Give the lines again exactly as they appear below, from the line with "Dans les hôpitaux, des" to the line with "RESTAURANTE PISCINA - Galerías", both included, and only those lines. Leave every picture out.

GIVEN RECORDS
◆ ◆ ◆ ◆ ◆ ◆ ◆
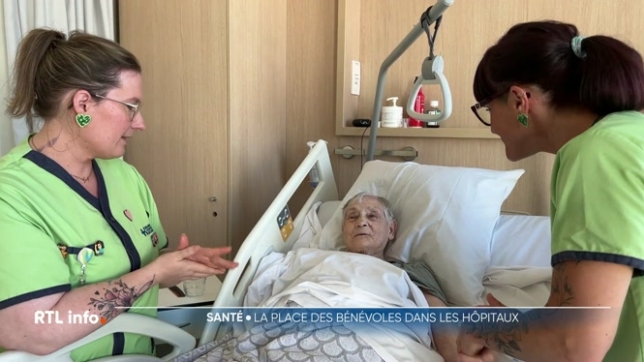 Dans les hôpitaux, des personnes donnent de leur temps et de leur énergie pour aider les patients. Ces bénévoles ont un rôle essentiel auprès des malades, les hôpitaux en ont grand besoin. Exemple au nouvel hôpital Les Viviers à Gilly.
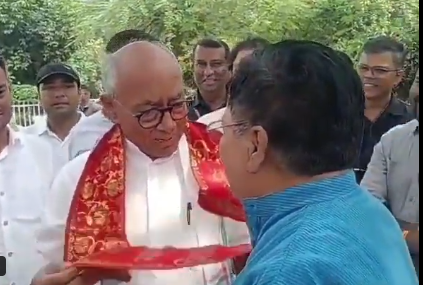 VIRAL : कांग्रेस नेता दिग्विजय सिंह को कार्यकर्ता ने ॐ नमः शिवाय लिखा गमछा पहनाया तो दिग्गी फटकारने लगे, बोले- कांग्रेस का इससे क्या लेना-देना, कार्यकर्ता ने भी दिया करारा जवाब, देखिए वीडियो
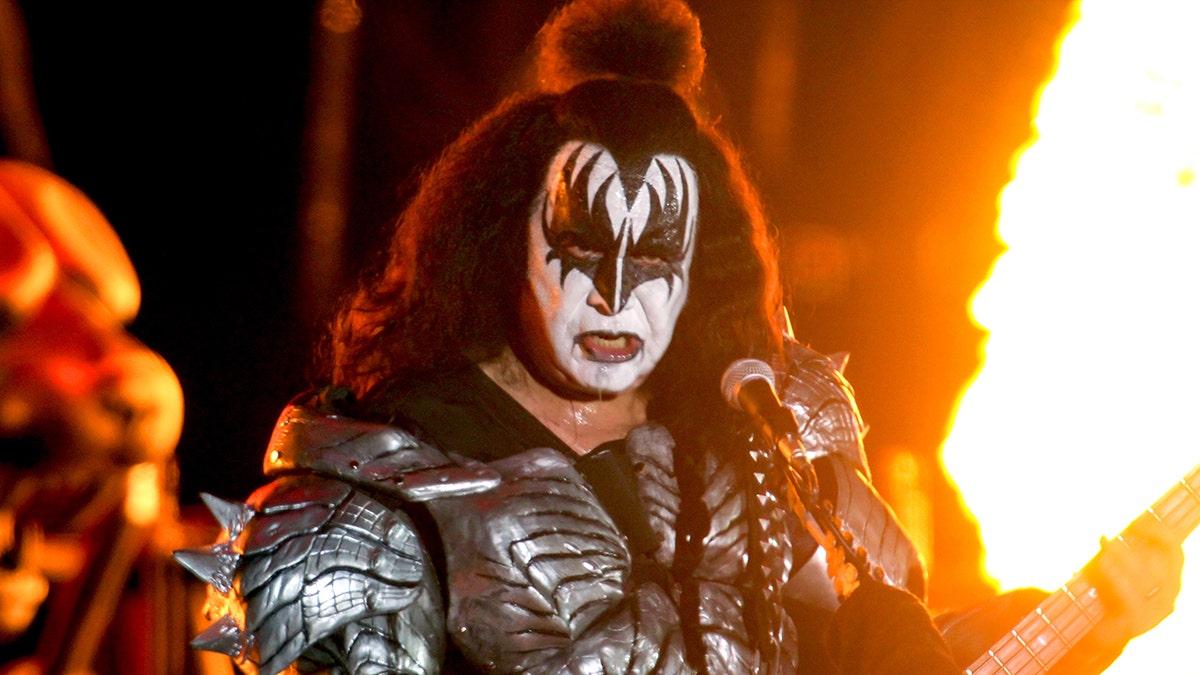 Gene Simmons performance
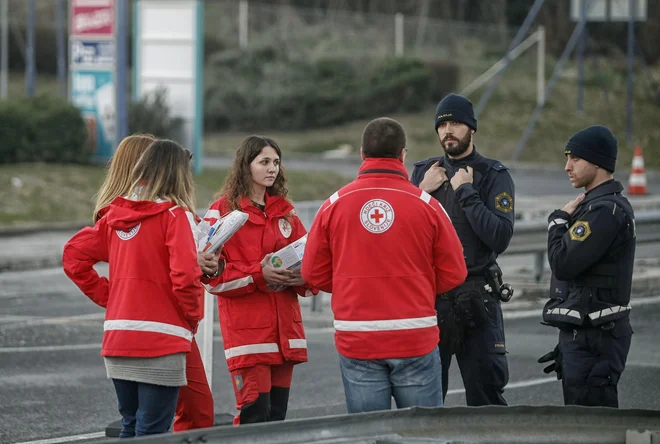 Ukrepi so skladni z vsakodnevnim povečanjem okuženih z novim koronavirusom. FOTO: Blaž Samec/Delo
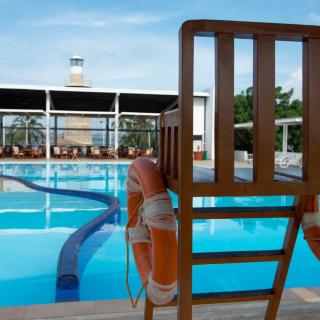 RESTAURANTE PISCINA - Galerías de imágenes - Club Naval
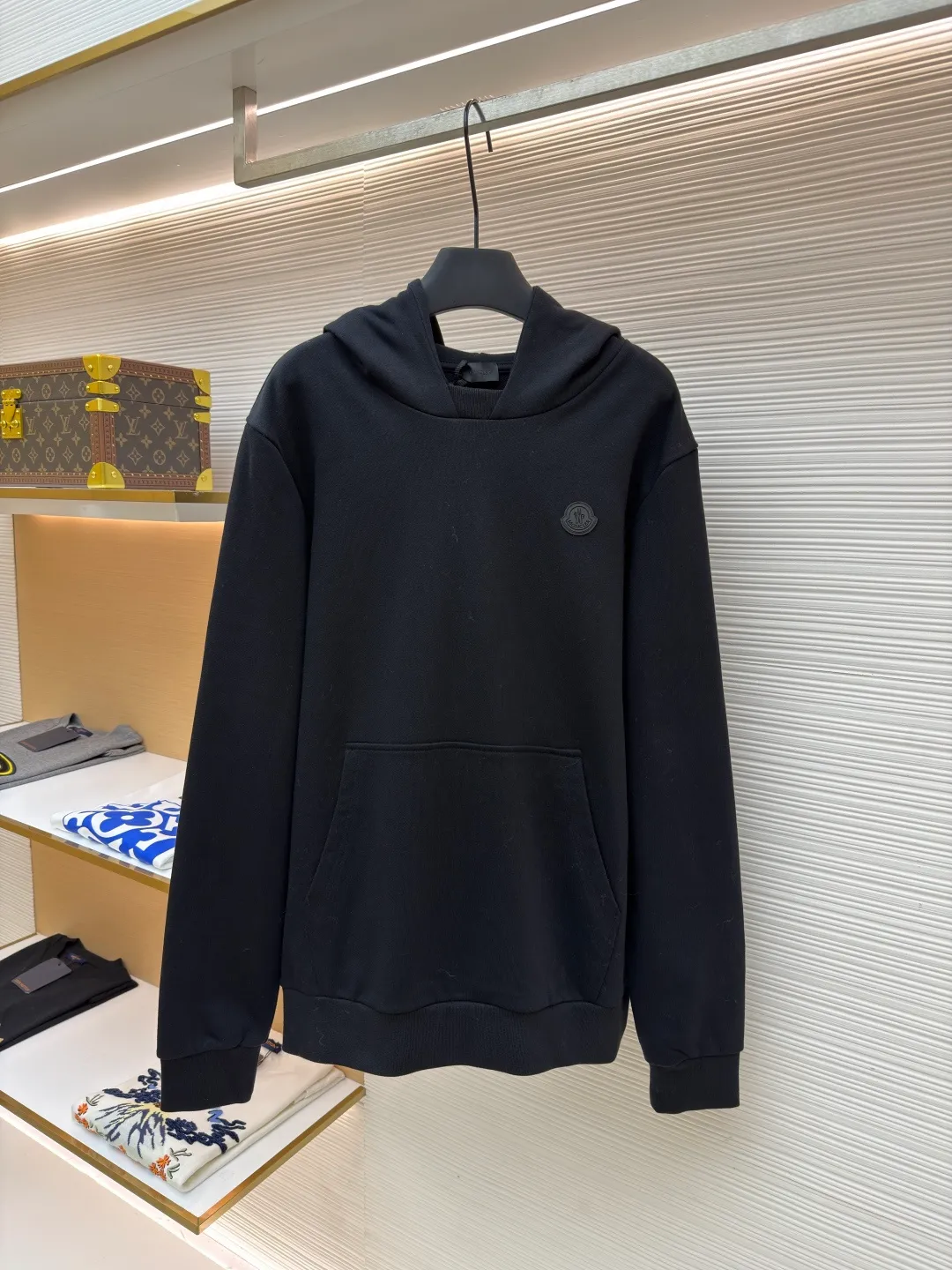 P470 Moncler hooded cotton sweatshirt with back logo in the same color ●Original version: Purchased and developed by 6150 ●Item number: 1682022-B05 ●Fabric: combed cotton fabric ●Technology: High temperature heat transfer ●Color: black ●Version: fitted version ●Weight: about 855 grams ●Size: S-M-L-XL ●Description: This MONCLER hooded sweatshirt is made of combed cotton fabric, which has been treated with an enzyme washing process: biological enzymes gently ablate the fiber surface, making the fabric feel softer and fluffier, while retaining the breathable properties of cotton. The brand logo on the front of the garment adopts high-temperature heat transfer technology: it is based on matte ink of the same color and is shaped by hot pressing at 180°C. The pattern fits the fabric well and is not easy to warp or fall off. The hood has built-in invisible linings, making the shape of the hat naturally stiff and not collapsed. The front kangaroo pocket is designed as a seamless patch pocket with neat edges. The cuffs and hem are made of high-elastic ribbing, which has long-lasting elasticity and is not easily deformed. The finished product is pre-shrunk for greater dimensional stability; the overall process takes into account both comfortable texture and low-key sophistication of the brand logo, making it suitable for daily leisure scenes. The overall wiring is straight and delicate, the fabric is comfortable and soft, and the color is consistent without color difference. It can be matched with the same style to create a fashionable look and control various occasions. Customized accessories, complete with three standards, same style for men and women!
◆ ◆ ◆ ◆ ◆ ◆ ◆
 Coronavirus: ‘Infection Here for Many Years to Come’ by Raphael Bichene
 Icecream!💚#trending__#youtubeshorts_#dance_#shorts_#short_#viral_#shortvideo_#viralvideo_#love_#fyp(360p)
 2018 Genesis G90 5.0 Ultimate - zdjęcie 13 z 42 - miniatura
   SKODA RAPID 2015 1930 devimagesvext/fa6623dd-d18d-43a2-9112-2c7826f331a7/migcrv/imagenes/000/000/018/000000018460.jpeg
◆ ◆ ◆ ◆ ◆ ◆ ◆
RESPONSE TO THIS TASK
 Dans les hôpitaux, des personnes donnent de leur temps et de leur énergie pour aider les patients. Ces bénévoles ont un rôle essentiel auprès des malades, les hôpitaux en ont grand besoin. Exemple au nouvel hôpital Les Viviers à Gilly.
 VIRAL : कांग्रेस नेता दिग्विजय सिंह को कार्यकर्ता ने ॐ नमः शिवाय लिखा गमछा पहनाया तो दिग्गी फटकारने लगे, बोले- कांग्रेस का इससे क्या लेना-देना, कार्यकर्ता ने भी दिया करारा जवाब, देखिए वीडियो
 Gene Simmons performance
 Ukrepi so skladni z vsakodnevnim povečanjem okuženih z novim koronavirusom. FOTO: Blaž Samec/Delo
 RESTAURANTE PISCINA - Galerías de imágenes - Club Naval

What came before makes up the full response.